:: Assignment ::
Locate each line below that includes "Jeans" and reproduce it.

:: Exercise inputs ::
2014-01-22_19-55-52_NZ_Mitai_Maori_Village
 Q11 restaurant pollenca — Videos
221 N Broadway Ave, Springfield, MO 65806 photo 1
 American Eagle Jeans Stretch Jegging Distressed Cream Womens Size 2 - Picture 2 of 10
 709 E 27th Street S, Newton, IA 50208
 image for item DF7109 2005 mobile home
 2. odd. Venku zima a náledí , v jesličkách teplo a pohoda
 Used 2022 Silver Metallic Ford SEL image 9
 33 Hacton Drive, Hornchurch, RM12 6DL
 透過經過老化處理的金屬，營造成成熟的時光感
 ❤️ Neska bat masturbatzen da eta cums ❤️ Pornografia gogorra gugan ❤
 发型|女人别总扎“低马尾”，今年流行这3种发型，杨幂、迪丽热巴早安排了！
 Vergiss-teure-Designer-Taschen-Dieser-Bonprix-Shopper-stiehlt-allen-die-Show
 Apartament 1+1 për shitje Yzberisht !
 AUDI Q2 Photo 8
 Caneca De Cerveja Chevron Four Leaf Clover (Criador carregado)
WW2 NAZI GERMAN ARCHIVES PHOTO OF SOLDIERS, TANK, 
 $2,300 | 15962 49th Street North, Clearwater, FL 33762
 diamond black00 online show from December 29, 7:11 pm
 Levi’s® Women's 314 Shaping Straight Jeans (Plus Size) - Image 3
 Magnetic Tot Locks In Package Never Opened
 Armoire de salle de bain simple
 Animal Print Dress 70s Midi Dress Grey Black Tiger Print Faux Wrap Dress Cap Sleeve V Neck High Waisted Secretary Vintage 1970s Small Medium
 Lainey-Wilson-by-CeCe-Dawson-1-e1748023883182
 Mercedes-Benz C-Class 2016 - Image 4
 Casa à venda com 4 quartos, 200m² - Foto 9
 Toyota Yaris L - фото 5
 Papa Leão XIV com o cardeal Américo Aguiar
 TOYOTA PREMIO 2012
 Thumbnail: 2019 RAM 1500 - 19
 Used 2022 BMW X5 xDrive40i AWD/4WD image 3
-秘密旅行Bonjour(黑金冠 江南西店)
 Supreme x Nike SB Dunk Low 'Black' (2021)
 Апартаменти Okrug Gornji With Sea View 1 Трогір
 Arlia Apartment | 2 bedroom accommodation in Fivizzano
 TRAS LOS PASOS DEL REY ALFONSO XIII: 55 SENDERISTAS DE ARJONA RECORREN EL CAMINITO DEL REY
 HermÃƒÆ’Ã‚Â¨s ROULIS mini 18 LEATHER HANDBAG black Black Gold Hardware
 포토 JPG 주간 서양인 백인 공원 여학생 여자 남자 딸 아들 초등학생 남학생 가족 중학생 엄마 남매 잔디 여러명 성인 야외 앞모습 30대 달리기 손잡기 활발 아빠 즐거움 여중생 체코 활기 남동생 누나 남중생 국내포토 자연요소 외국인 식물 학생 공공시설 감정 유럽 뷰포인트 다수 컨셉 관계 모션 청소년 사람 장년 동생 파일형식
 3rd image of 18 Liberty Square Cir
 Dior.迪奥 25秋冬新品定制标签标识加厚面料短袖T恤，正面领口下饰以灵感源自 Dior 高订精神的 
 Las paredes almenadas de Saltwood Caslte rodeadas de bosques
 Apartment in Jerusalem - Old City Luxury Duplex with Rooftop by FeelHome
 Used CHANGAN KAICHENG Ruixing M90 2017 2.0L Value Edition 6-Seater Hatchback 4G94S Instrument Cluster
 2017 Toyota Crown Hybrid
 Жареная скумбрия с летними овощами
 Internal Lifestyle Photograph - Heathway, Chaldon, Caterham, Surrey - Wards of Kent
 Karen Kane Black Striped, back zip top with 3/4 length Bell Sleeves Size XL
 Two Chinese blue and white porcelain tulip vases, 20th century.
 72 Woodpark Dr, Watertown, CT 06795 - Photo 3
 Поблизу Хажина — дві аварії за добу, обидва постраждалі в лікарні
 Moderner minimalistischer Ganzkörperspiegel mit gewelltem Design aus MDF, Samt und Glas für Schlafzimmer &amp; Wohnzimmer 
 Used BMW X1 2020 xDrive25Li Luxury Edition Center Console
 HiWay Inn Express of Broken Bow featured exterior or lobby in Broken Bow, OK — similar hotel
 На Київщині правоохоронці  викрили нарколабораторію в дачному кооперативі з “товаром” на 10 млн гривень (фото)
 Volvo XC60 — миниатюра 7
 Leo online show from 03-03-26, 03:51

:: Exercise output ::
 American Eagle Jeans Stretch Jegging Distressed Cream Womens Size 2 - Picture 2 of 10
 Levi’s® Women's 314 Shaping Straight Jeans (Plus Size) - Image 3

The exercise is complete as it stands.